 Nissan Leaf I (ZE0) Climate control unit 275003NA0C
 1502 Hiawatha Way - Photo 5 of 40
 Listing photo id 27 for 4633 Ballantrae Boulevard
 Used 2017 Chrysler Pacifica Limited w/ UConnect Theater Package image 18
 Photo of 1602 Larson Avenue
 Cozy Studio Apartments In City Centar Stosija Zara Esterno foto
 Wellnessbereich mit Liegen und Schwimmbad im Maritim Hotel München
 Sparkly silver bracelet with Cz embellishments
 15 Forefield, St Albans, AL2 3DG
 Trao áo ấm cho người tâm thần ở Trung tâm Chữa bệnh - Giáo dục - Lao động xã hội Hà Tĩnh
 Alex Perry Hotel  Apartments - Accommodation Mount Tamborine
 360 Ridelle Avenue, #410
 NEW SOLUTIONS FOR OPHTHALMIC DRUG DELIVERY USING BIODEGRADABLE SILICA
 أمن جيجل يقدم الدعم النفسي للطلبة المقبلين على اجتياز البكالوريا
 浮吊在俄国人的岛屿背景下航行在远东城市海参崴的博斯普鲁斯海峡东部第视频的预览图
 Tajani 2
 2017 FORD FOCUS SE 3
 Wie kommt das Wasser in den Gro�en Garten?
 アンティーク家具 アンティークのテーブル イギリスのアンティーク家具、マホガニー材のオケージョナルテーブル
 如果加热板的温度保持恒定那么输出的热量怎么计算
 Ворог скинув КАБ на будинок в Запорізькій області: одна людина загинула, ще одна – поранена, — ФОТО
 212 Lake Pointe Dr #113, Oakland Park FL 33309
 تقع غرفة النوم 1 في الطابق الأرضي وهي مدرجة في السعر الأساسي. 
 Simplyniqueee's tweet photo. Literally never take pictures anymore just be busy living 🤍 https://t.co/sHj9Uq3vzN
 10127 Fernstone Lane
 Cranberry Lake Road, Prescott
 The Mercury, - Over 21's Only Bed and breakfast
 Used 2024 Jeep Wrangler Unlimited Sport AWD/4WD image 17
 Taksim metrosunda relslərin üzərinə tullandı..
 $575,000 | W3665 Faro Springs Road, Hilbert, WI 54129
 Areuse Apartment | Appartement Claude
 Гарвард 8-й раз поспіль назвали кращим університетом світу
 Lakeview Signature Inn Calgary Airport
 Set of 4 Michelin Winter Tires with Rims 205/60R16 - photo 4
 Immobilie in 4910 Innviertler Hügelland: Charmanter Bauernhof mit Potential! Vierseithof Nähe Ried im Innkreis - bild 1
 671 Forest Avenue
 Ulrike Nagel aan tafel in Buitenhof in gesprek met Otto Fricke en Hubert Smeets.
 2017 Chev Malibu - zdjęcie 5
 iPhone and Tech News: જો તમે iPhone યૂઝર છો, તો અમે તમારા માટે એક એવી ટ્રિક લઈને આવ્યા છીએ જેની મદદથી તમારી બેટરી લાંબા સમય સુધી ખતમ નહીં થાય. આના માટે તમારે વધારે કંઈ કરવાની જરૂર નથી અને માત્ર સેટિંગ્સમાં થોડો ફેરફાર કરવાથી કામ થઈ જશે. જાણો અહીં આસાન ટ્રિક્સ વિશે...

◆ **AIM OF THE TASK**: Repeat exactly the lines above, starting with the first line of the records and finishing with the line holding "Cozy Studio Apartments". Add no other line.

◆ **RESULT FOR THIS EXERCISE**:
 Nissan Leaf I (ZE0) Climate control unit 275003NA0C
 1502 Hiawatha Way - Photo 5 of 40
 Listing photo id 27 for 4633 Ballantrae Boulevard
 Used 2017 Chrysler Pacifica Limited w/ UConnect Theater Package image 18
 Photo of 1602 Larson Avenue
 Cozy Studio Apartments In City Centar Stosija Zara Esterno foto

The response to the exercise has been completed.